Heats comprised Basic to Brilliant, a challenge requiring contestants to elevate an everyday kitchen ingredient, and a Mystery Box Challenge, in which unsuccessful Basic to Brilliant contestants were asked to make a dish out of at least one of a selection of ingredients. For the first episode, the Mystery Box ingredients were chocolate, trout, and beetroot; all four went for the same ingredient, a situation Wallace dubbed a "trout-off". The two winners of each challenge faced three former contestants of the show, while the three winners of each episode advanced to quarterfinals, where they cooked for a critic. The 2025 Women's Rugby World Cup delayed the ninth episode by a day.

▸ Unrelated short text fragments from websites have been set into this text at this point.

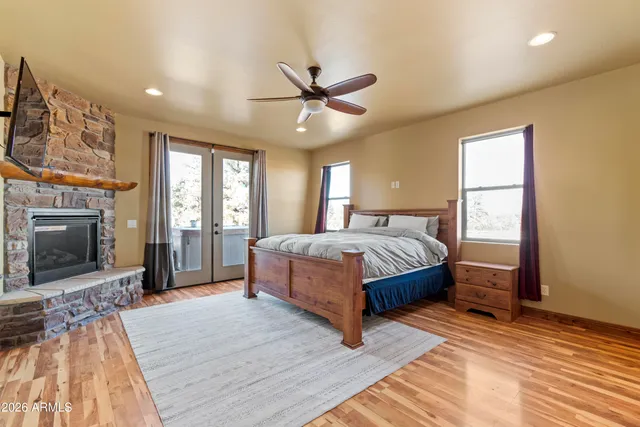 a kitchen with a sink cabinets and wooden floor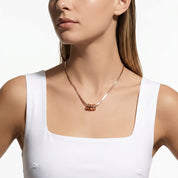 A close-up of a woman wearing a delicate rose gold chain necklace with a small bow-shaped pendant, paired with a white tank top against a clean white background.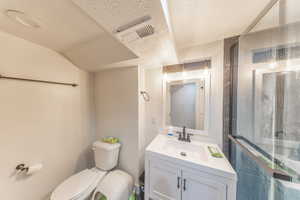 Full bathroom with vanity, a textured ceiling, and a shower stall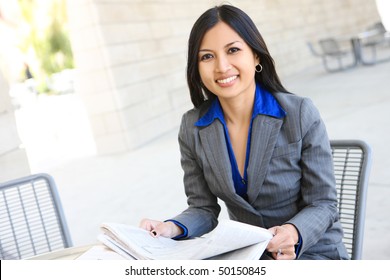An attractive Indian business woman outside office building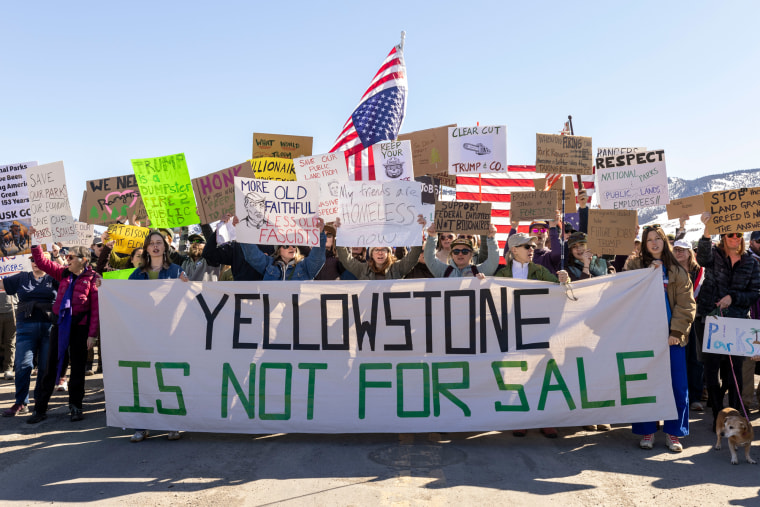 Protestors hold signs in protest outside, the banner in the front of the crowd reads "Yellowstone is not for sale"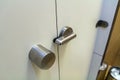 Interior of restroom toilet, white closed door with lock and stainless knob. Privacy and hygiene concept
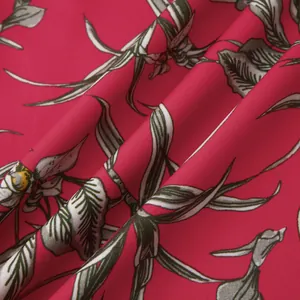 Close-up detail of the vibrant floral print and fabric texture of a beach shirt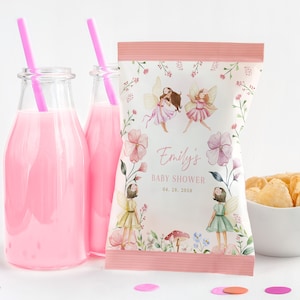 May include: Pink and white chip bag with a floral design and two fairies. The bag says "Emily's Baby Shower 04.28.2058".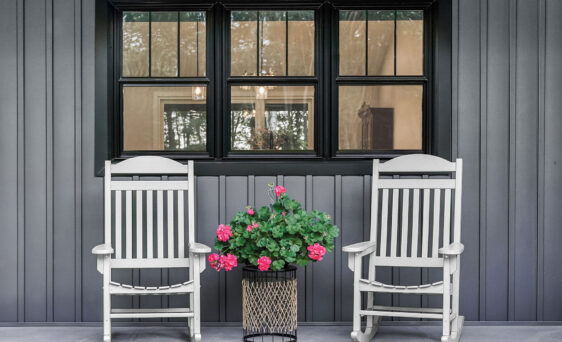 Endure black double hung windows against dark gray board and batten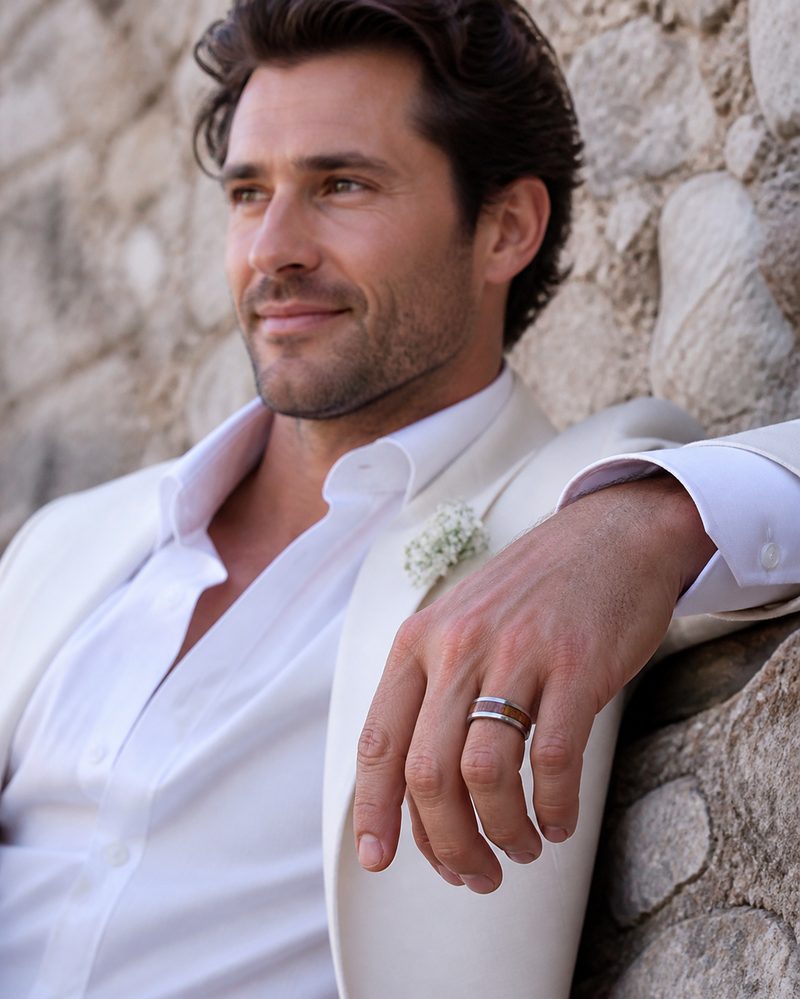Groom leaning on a rustic wall wearing a distinctive wood-inlay wedding band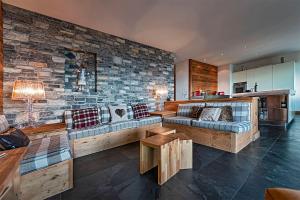 a living room with a couch and a stone wall at Le Cervin Rouge in Crans-Montana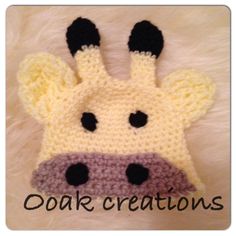 a crocheted giraffe hat with black eyes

Knockout Week usually featured three contestants from each week, though four advanced from the second; the sixteen were split into pairs of eight and cooked for a shift in a professional kitchen. The final ten then faced a further challenge, with eight advancing to the semi-finals. The final eight were then split in half to cook at Chawton House in Hampshire, where they were challenged to produce a lunch worthy of the 250th birthday of Jane Austen, whose brother once owned the house; another challenge that week involved Heston Blumenthal instructing chefs to replicate dishes from The Fat Duck. Wallace did not feature after the semi-finals; no on-screen explanation was given.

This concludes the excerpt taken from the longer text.